Ao longo dos anos, diferentes pesquisadoras(es) têm se dedicado a analisar as representações sobre futebolistas mulheres criadas pela revista Placar (Mourão; Morel, 2003; Almeida, 2013; 2016; 2018; Salvini; Marchi Júnior, 2016; Pisani, 2018; Leal; Mesquita, 2021). Retomo uma discussão iniciada em minha tese (Almeida, 2018), em diálogo com Mariane Pisani² (2018). Essa colaboração iniciou em 2017, quando ainda estávamos na difícil fase da escrita de nossas pesquisas e concordávamos que seria importante realizar uma reflexão mais apurada sobre o que representava a dita reportagem de Lemyr.
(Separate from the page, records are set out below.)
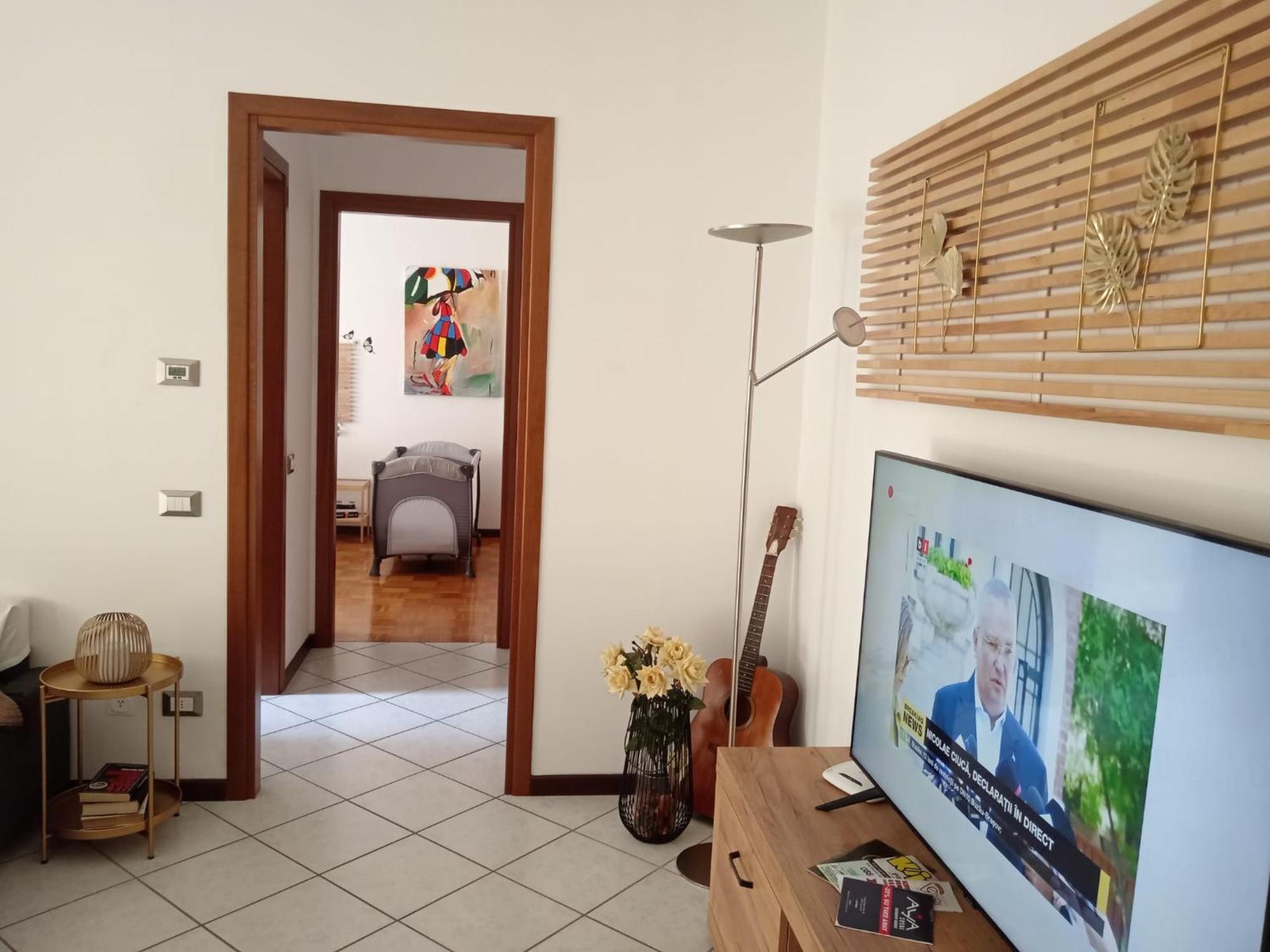 A&G Apartment Zanica Exterior photo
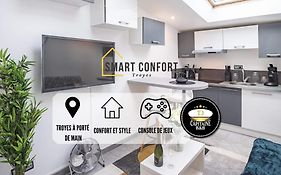 Smart Confort 17 - Appartement Confort Et Style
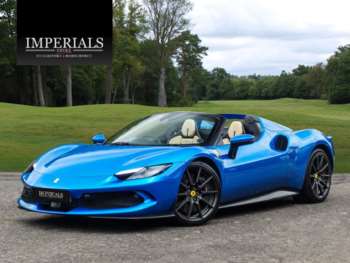 Used Ferrari 296 GTS 2023 for sale - 73429627: Photo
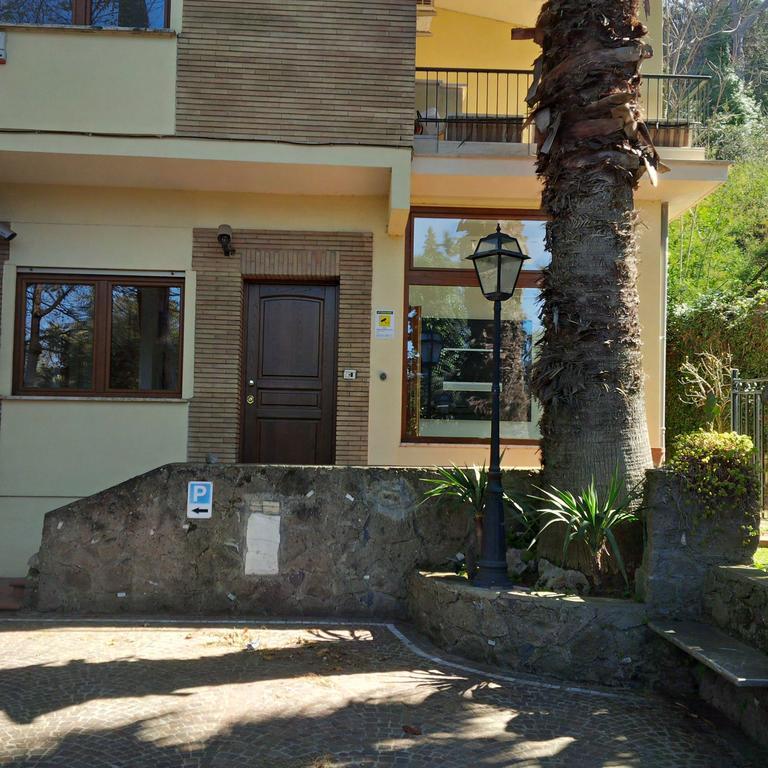 Princess B&B Frascati Ngoại thất bức ảnh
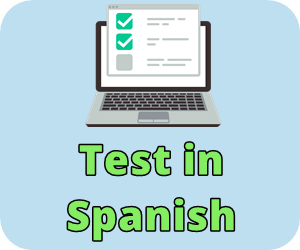Test in Spanish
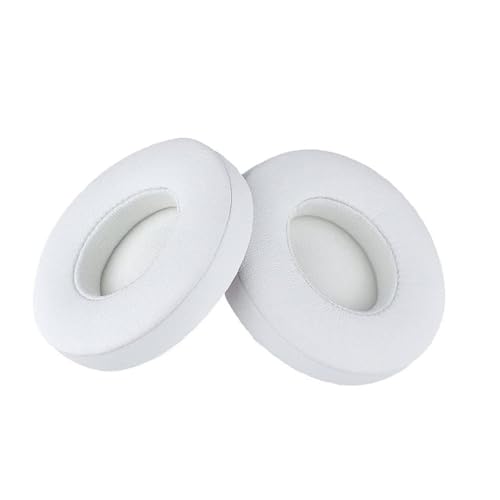 �C���[�p�b�h �C���[�N�b�V���� Beats Solo2 & Solo3 Wireless �����p�w�b�h�z���p�b�h �Չ� �������t�H�[�� (�z���C�g)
Em seu texto, Pisani salienta que o futebol brasileiro se constitui por meio de um gênero específico, o masculino. Esse “gênero da bola” (Pisani, 2018) foi construído socialmente no decorrer do século XX. As mulheres permaneceram à margem não somente da prática desse esporte, como também da produção de conteúdos sobre ele. Quando a prática do futebol foi liberada e, mais tarde, regulamentada para mulheres, esse “gênero da bola” já estava legitimado. Nesse contexto, a Placar Magazine já havia solidificado sua posição como a principal publicação esportiva no país, porém com o enfoque quase exclusivo no futebol praticado por homens, considerado símbolo nacional e espaço legitimado a eles. Portanto, ao compartilhar, mesmo que infimamente, esse espaço com mulheres futebolistas, as narrativas aprovadas para compor as páginas da revista acompanhavam a perspectiva adotada pela redação – descrita pelo próprio Juca Kfouri³ (2019), redator-chefe da Placar na época, como de “viés machista e sexista”. Privilegiavam características corporais dentro de padrões de feminilidade vigentes naquele momento. Mariane Pisani ainda afirma que, apesar dos argumentos utilizados nas publicações da Placar sobre futebol feminino
reciclarem os mesmos que justificaram a proibição em 1941, havia certo incentivo à prática desse esporte por mulheres – desde que as adeptas preservassem “os signos supostamente femininos que recaem sobre o corpo delas”, e que tivessem como finalidade “o cultivo de um corpo magro, esbelto e sem excesso de gorduras”, completa. Assim, as reportagens privilegiavam jogadoras brancas, magras, cabelos longos e soltos, maquiadas e em roupas curtas.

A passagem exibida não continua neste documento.